Following this was the hoop stool, one of David’s designs and with us all making the same thing, and giving us the chance to learn the elements of laminating as well as kerf and steam and bending, and what an amazing process that is. To witness what a solid piece of wood can be shaped in to blew me away. With the simple tools of steam, manpower and clamps solid wood is no longer “solid” and can be bent and twisted into wildly fantastic bends and curves, giving the ability to create flowing, moving designs. It truly was an eye opener and game changer for me personally, there is so much I want to explore with this. The laminating and kerf bending were no less impressive; using these techniques to enable shapes that seemingly defy what is possible and further present that sense of movement and fluidity within design. With forms, glue and a vacuum bags we transformed individual wooden elements into seamless and functional forms, going even further with router jigs and precision hand tool work to bring it all together into a stunning piece of furniture.
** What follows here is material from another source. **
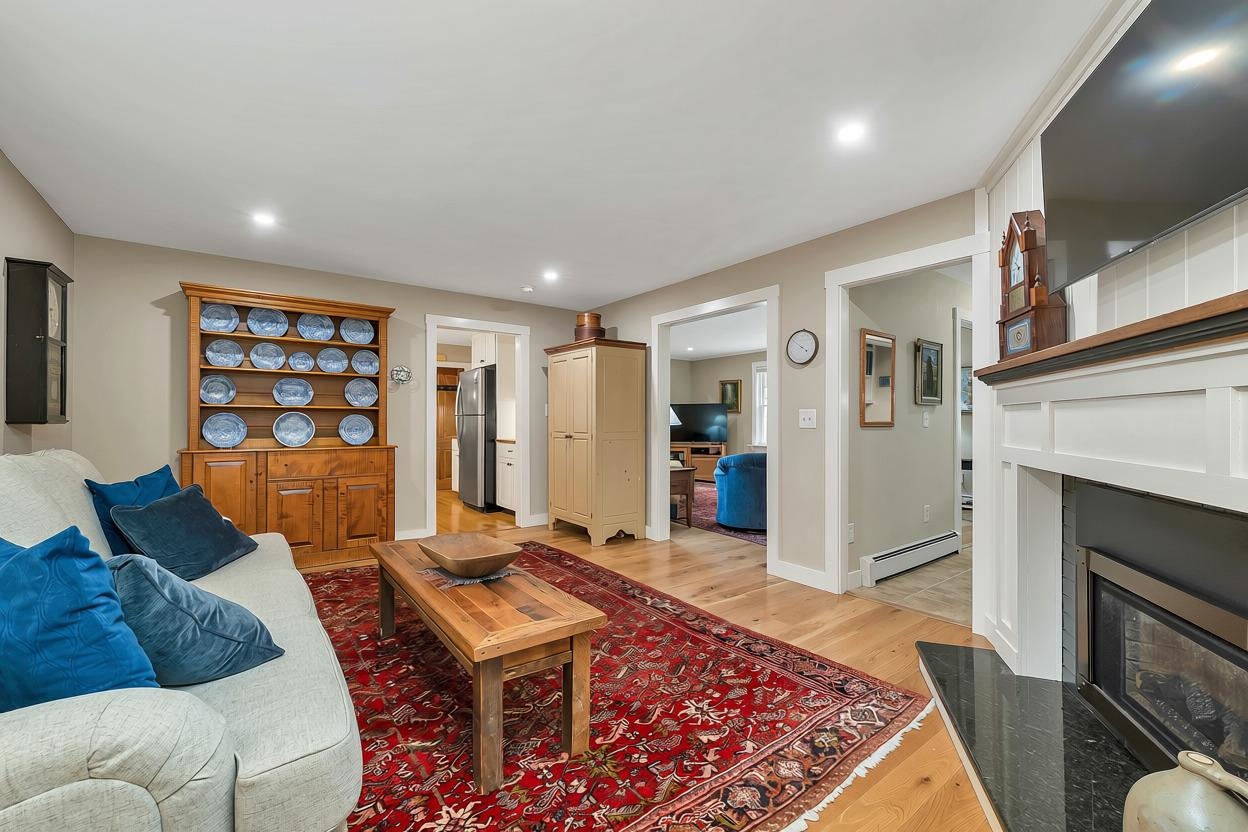 3 Oak Knoll Road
This forth project is another individual design and build, a hall table, the requirements this time being curves and a drawer. This has been an even steeper leaning curve than the others, and I don’t see this plateauing anytime soon. The design process is an area I find hugely interesting, and daunting. I know the way I work well enough to know I need a week or two of alternatively thinking, processing, and ignoring the job at hand, while my brain takes all the ideas and information i have absorbed and comes up with an idea that is my starting point. Even knowing this though, I came to the first week of the design phase with absolutely no idea of what I wanted to do, and did feel slightly pressured. For the first week we swapped chisels and planes for pencils and large sheets of paper and set to work drawing, designing and resolving the raw ideas at hand. True to my personal creative process, soon my deign took form and shape, the pressure eased and i was away. From the initial sketch I moved on to a quarter scale model and full size drawings, all helping me figure out exactly how I was going to actually build what I had dreamt up and what it would look like in the finished form. This process has been some of the most mentally challenging and enjoyable things we have tackled, so far.
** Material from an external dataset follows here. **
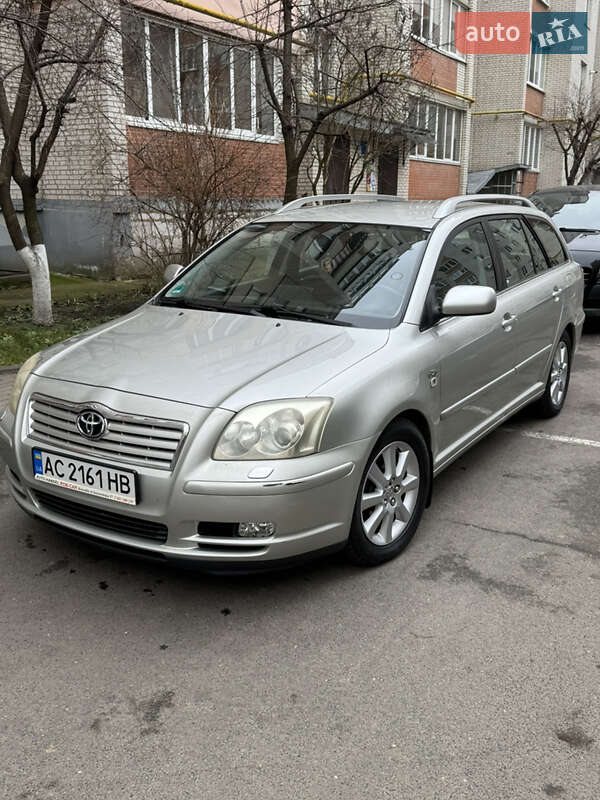 Универсал Toyota Avensis 2005 в Луцке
From design it was on to sourcing wood and visualising the necessary pieces, hidden somewhere in the raw slab. From a large fletch of English walnut, slowly what I wanted emerged. As I cut, shaped, steam bent and routed different pieces, legs, rails, stretchers, and drawers all came to life and began to resemble what had begun in my mind, flowed on to paper and now into life. For the top I chose English Sycamore and split and book matched a solid plank, the white sycamore and the dark chocolate English walnut complimenting each other perfectly. Again the designs were hugely varied and inspirational and we all fed off the creativity that filled the workshop. Six weeks from design to fully built is a challenging timetable, and days were spent in a haze of sawdust, steam, plane strokes, measuring, cutting, routing, scratching heads and coffee, while at night my dreams were filled with tackling unsolved problems. Piece by piece things came together, elements resembling a hall table would suddenly pop up on different benches for an hour or maybe a day, before being deconstructed again to resolve some other aspect or issue, all giving glimpses to the final form. Then as the final week approached, almost suddenly, one then another sprouted legs and stood, and there they were, ideas taken from thoughts, to models to, to living pieces of fine furniture. The pride and enthusiasm exuded by each member of the course when we would gather around to witness the finished, or nearly finished design was amazing. We had all witnessed each other work through trials and challenges presented by these pieces, so to see them complete and know the time, care and pride put in, gave a deep level of comradery and joy in seeing the stunning work accomplsihed so far.
There have been a few comments from the tutors and technicians on how amazing the work this year has been and how excited they are for the end of course exhibit, a tribute to the long hours put in by all the students and the time, instruction and patience from the tutors. This will all be on display in December and by then there will also be more amazing pieces added to the collection. Taking the time to sit and write this, and re-living the lessons learnt and challenges faced in the time at the school so far, has really reinforced just how far we have all progressed in our time here. The decision to devote the time and finances to doing this course was a big one, and with the benefit of a bit of hindsight, it was the definitely the right one. I'm looking forward to a week off of R and R and getting stuck into next term and burying myself in the workshop again. Keep an eye out for more exciting, and beautiful things to come.